99  Paragraph 30B(3)(b)
After “FTB child”, insert “or regular care child”.
100  Paragraph 32D(1)(c)
Omit “clause 17”, substitute “clause 38L”.
101  Paragraph 32J(1)(b)
After “FTB child”, insert “, or regular care child,”.
102  Paragraph 32K(1)(d)
After “FTB child”, insert “, or a regular care child who is also a rent assistance child,”.
103  Paragraph 32P(1)(b)
Omit “clause 17”, substitute “clause 38L”.
104  Paragraph 32P(1)(d)
After “FTB child”, insert “, or a regular care child who is also a rent assistance child,”.
105  After paragraph 33(1)(aa)
Insert:
                    (ab)  the individual has at least one FTB child; and
106  Subparagraphs 71E(1)(a)(i) and (2)(a)(i)
After “FTB child”, insert “, or a regular care child,”.
107  Subsection 228(3)
After “one FTB child”, insert “, or one regular care child who is also a rent assistance child,”.
108  Paragraph 228(3)(b)
Omit “not an FTB child”, substitute “neither an FTB child, nor a regular care child,”.
109  Paragraph 228(4)(a)
After “FTB child”, insert “, and each regular care child who is also a rent assistance child,”.
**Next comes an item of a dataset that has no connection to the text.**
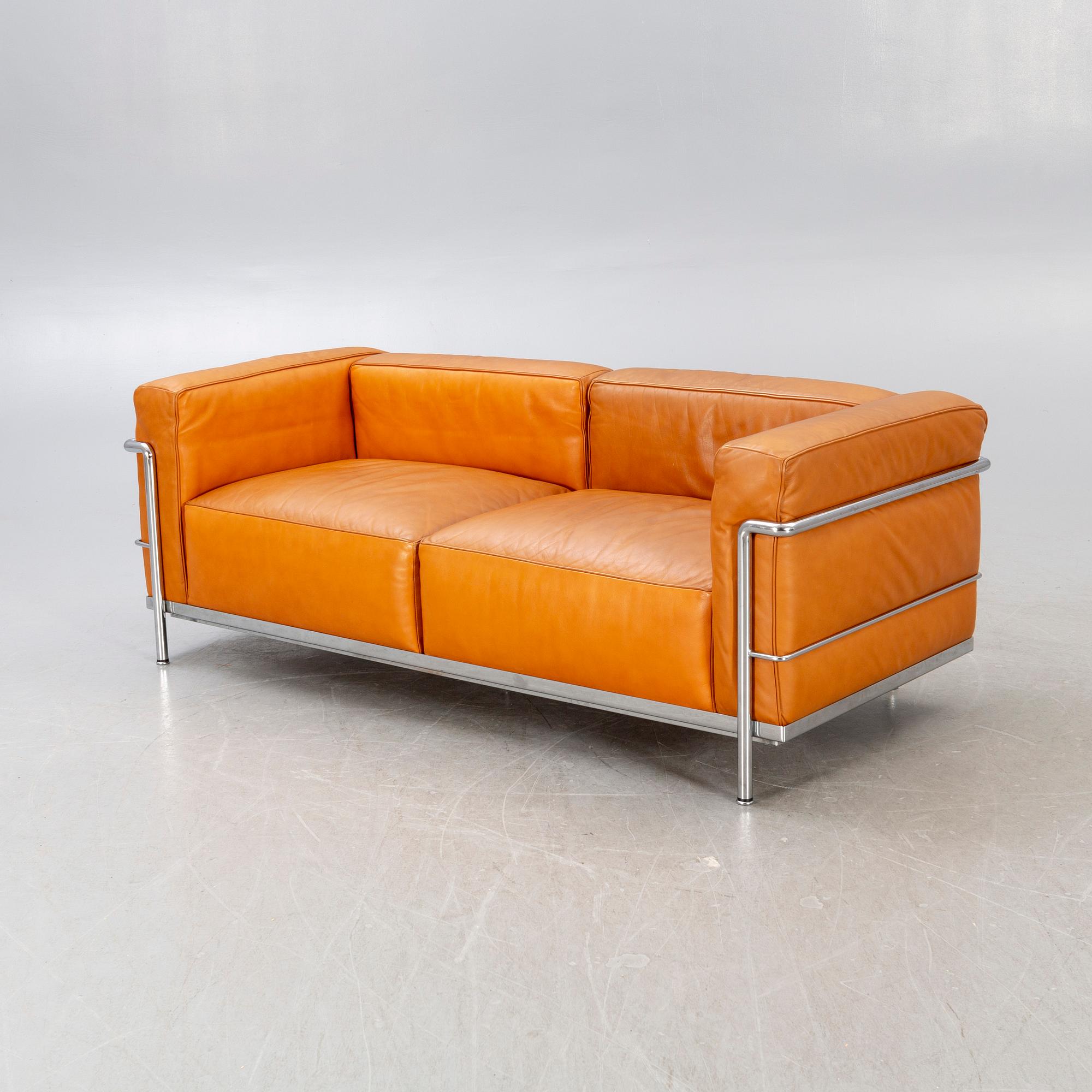 Le Corbusier, Pierre Jeanneret & Charlotte Perriand, soffa, "LC3", Cassina, Italien.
Child Support (Registration and Collection) Act 1988
110  Paragraph 72AB(1)(b)
Repeal the paragraph, substitute:
                     (b)  the child, or at least one of the children, for whom the person is eligible for family tax benefit is a designated child support child of the person and:
                              (i)  an FTB child; or
                             (ii)  a regular care child who is also a rent assistance child.
111  Subsection 72AB(2)
Omit “An FTB”, substitute “A”.
112  Subsection 72AB(5)
Insert:
regular care child has the same meaning as in the Family Assistance Act.
113  Subsection 72AB(5)
Insert:
rent assistance child has the same meaning as in the Family Assistance Act.
Social Security Act 1991
114  Subsection 6A(1) (after paragraph (b) of the second and third definitions of dependant)
Insert:
                 or (c)  a regular care child;
115  Subsection 6A(2)
After “FTB child” (first occurring), insert “, or a regular care child,”.
116  Paragraph 6A(2)(a)
After “FTB child”, insert “, or a regular care child, (as the case requires)”.
117  Subsection 6A(3)
Repeal the subsection.
118  Subsection 23(1) (definition of maximum Part A rate of family tax benefit)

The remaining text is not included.